In each episode of John Pranjic’s 3Four3 soccer podcast he plugs 3Four3’s coaching training program.
One of his best selling-points for their coaching program is that helps coaches get past the “trial-and-error discovery phase” of figuring out what activities work and getting right to activities and coaching points that will make a difference in the players and team.
While writing the previous two posts, it dawned on me that soccer culture serves the same function for individual players.
Becoming a competent player from scratch has two has two general periods:
A. 2-5 year period of trial-and-error of learning about soccer and what’s important. This phase is filled with dead-ends, traps and road blocks. One example is simply underestimating the importance of ball skills.
B. 3-5 year period of developing competency on basic skills like first touch, dribbling and passing.
Soccer culture is a shortcut past the first period, because the culture has already discovered what’s important and made it possible to achieve that with activities that develop the basics in fun, unorganized activities with nobody noticing.
In baseball culture, we know one such activity as “catch”. Examples in basketball are 1-on-1, OUT and 21.

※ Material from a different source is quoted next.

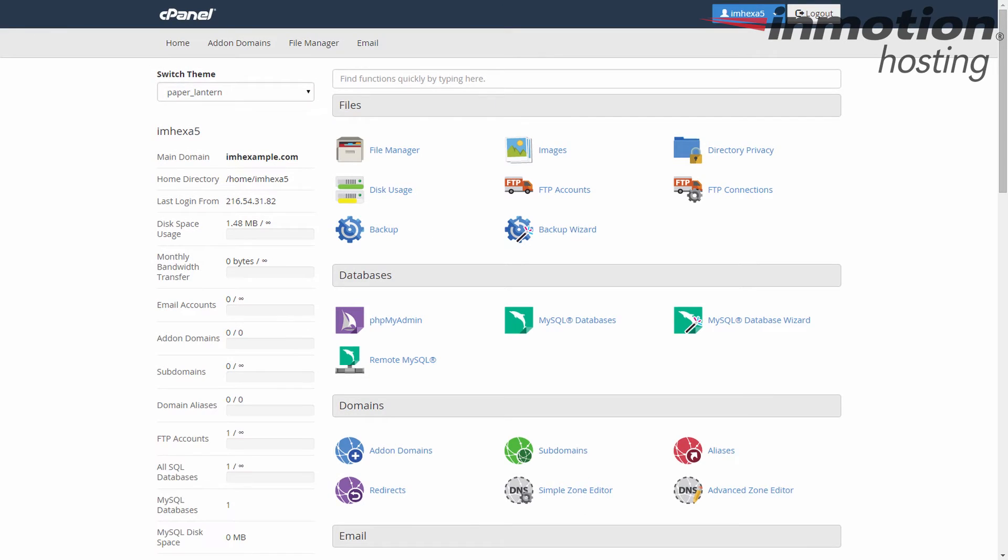If you're using the new paper lantern theme, then locate the files category which is the top one by default and click on the directory privacy icon.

Soccer culture activities include juggling, monkey-in-the-middle and 1v1 to 3v3.
In addition to being played in unorganized settings, it’s with people ranging in age and ability, which enables knowledge transfer between generations and ability levels that doesn’t occur in organized settings sliced by age and ability levels.
In the U.S. soccer culture, it’s typical for kids to learn how to self-organize and enjoy playing a game of monkey-in-the-middle (which develops about 60% of the basic skills useful in soccer) in their teens.
In stronger soccer cultures, kids learn to play this on their own and have fun as early as age 5. And they play it a lot.